ひなとDoctors 〜柱と呼ばれる医師たち〜
第59章 まだ始まらない恋の始まり
「グスン、グスン…汚れてるでしょ…、わたし、あの人に…グスン、ヒック、ヒック…されたから…あの人に…」
「こら、ひな。」
抱きしめてくれてた身体が離されて、今度は両手で頬を挟まれた。
もちろん、わたしと目を合わせるため。
「ひなは汚れてないって、何度も言わせるな…」
「でも…本当なの。ヒック、ヒック、小学生の頃…痛くて血がいっぱい出たのに、何されてるかわからなかったのっ…ヒック。好きな人としかしちゃいけないこと…わたし…うぅ、わたし…はあの人と…ヒック、ヒック…グスン…、捨てたい…こんな身体…大好きな五条先生に触って欲しくなっ」
「ひなっ!!もうそれ以上言うなっ。
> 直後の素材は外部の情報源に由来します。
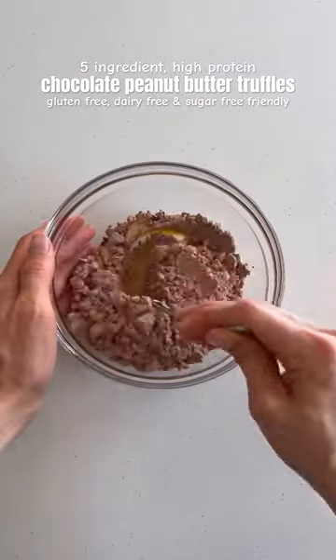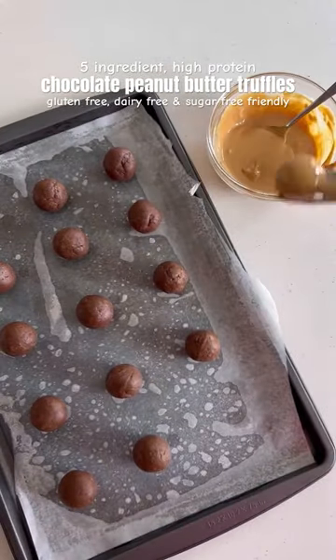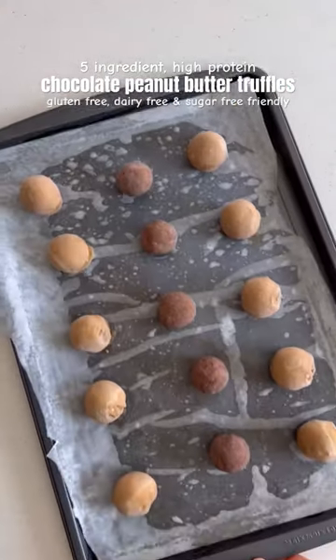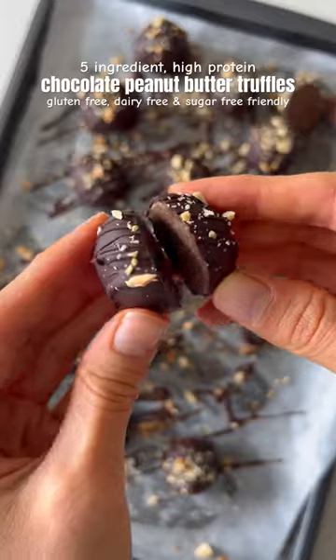Just mix together some peanut butter and protein powder in a dish, then add in some dairy-free milk. Roll the mixture into balls, then coat them in peanut butter and place in the freezer. Once they're frozen, dip in melted chocolate and sprinkle with peanuts, then place in the fridge to harden. Then dig in and enjoy.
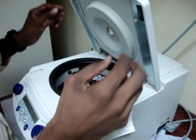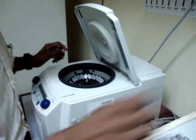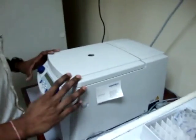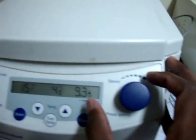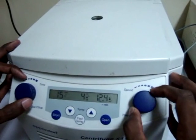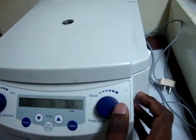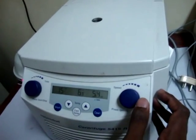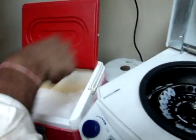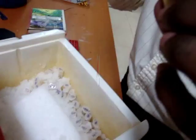The mixture was centrifuged at 12,000 rpm for 15 minutes in a refrigerated centrifuge. The temperature of the centrifuge should be as low as 4 degrees Celsius. Since the proteins are of low molecular weight, they float in the top aqueous layer. Utmost care should be given while removing the aliquot from the centrifuge; the aqueous layer was separated and transferred into a new aliquot.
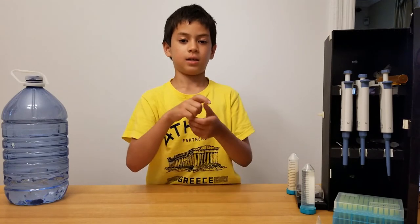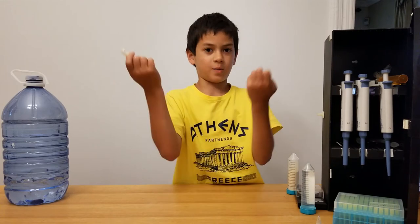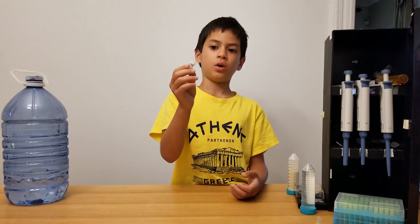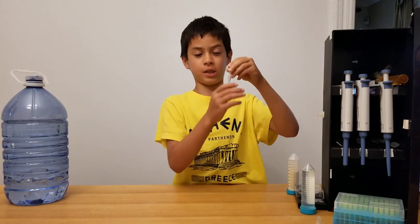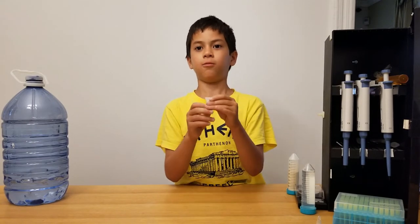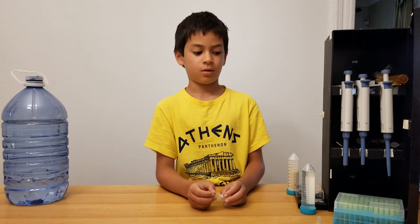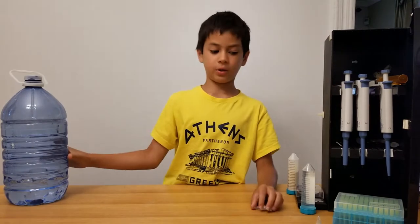The final thing we're gonna use is a poison to kill anything inside the petri dish that is not the bacteria we're using. If you're just putting random bacteria inside, you don't need this. But if you're targeting a specific bacteria, you'll use this. We're using a specific type because our bacteria is resistant to it — it's called kanamycin. All you have to do is research your bacteria and see what poison it's immune to.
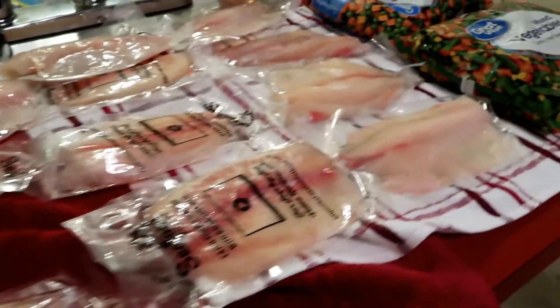Now that our fish and our water are starting to boil, we'll go ahead and set out our meal prep containers. A bag of tilapia usually has about 16 fillets. I put two fillets per meal, which equals about 40 grams of protein, giving us about 8 meals. So we'll go ahead and set these containers up.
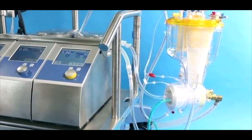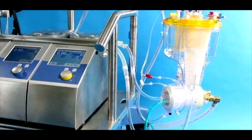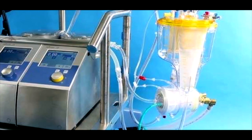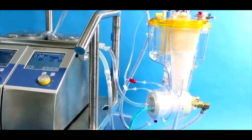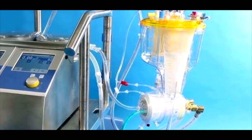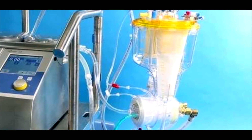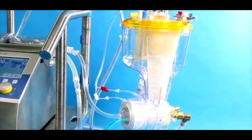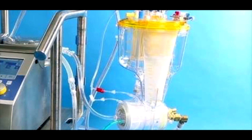Hello guys, welcome back to my YouTube channel. My name is Stefan and I am working as a clinical perfusionist since the last 13 years. Today I am coming with a different topic: the oxygenator components in detail of the Inspire oxygenator, which belongs to the Sorin company. This oxygenator is one of the best and easy to handle in case of emergency and also in crash patients. Now I am going to explain you in detail the parts of the oxygenator.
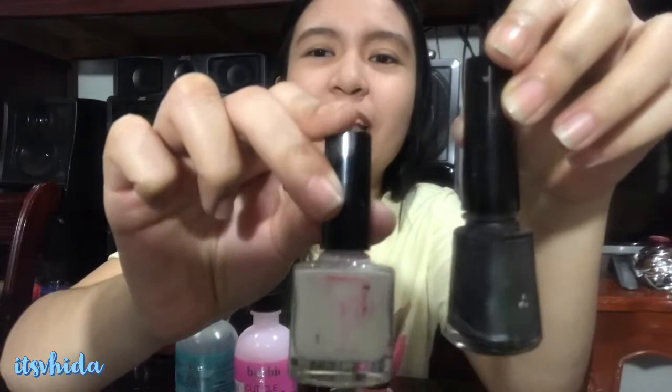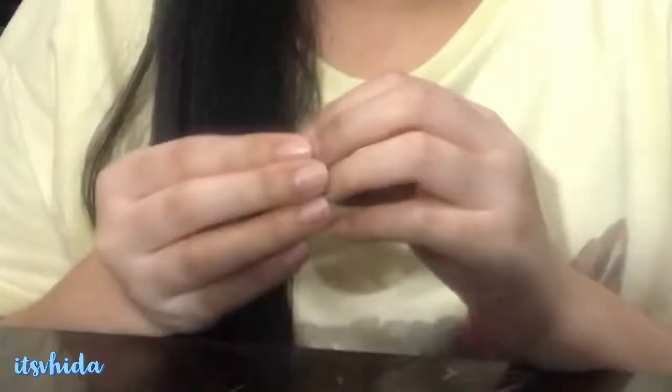Nail polish nails — gray and white. Hindi naman ako palaging nagpa-polish ng nails ko kasi medtech tayo. Hindi naman palaging pwedeng may nail polish, lalo na lagi tayo nasa laboratory, and even though may gloves, it will be a hassle. Mas maganda kapag walang nail polish para wala ding bacteria or germs tayong makerry kahit may gloves tayo.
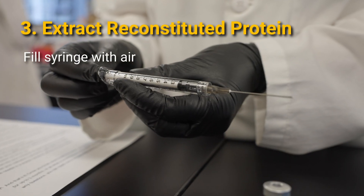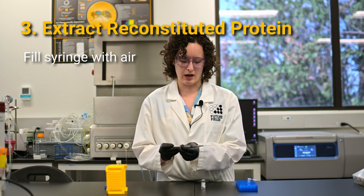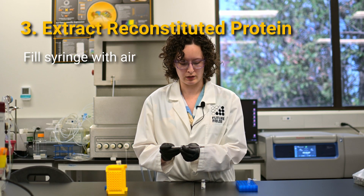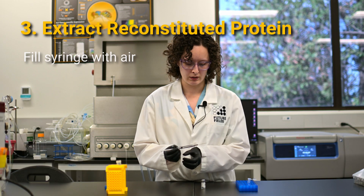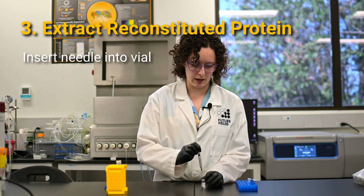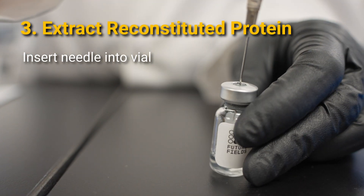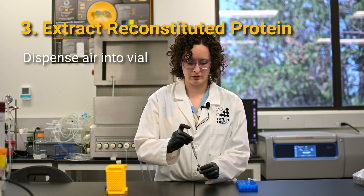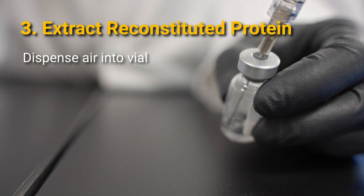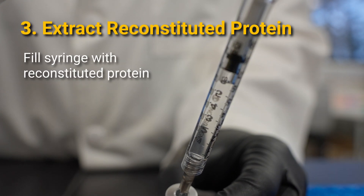Draw air into the syringe equal to the amount of protein you're going to remove from the vial. I'm going to remove all of it, so I'm going to use 750 microliters. Insert the syringe into the cap of your vial again, dispense the air into the vial to displace the liquid, and then draw up the liquid out of the vial.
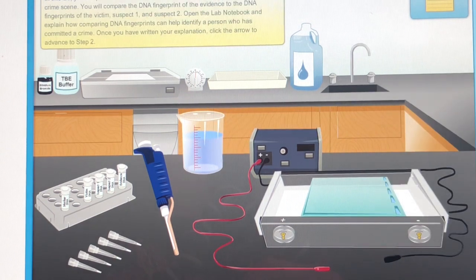In this lab, you will produce a DNA fingerprint from cells on a strand of hair found at a crime scene. You will compare the DNA fingerprint of the evidence to the DNA fingerprints of the victim, Suspect 1 and Suspect 2. Open the lab notebook and explain how comparing DNA fingerprints can help identify a person who has committed a crime. Once you have written your explanation, click the arrow to advance to step 2.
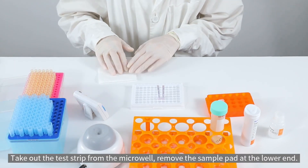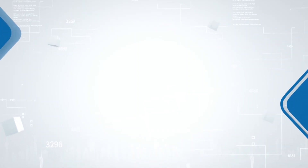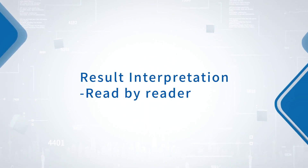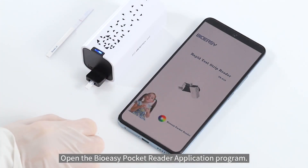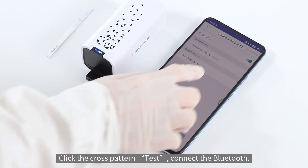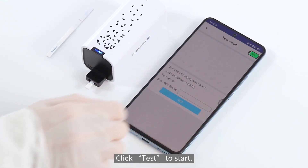Take out the test strip from the micro well and remove the sample pad at the lower end. For result interpretation read by reader: place the test strip into the strip slot completely and push the strip slot to the bottom. Open the Bio Easy Pocket Reader application, click the cross pattern test, connect via Bluetooth, select mycotoxins and the test item, then click test to start.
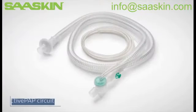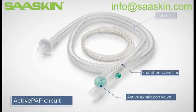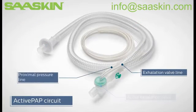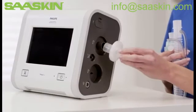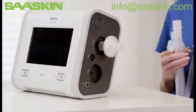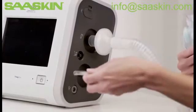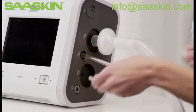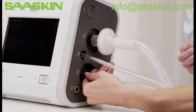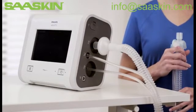The active path circuit consists of a bacterial filter, tubing, active exhalation valve, exhalation valve line, and the smaller proximal pressure line. Connect the bacterial filter and tubing to the inspiratory port. Now attach the proximal pressure line to the proximal pressure port, and the active exhalation valve line to the active exhalation valve connection. The active path circuit is now complete.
」
わたしの言葉を待たずして、五条先生は再びわたしを抱きしめた。
さっきよりもぎゅっと強く、だけど優しく。
「わかってるからもう言うな…。そもそも汚れてるって意味わかってんのか?真逆だろが。ひなほど純粋な子どこにいんだよ…。だから触って欲しくないなんて、もう言わないでくれ。ひなに拒否されると割と堪える…。好きだからいつも抱きしめるんだ。俺もひなが好きだから、守ってやりたいんだ…。」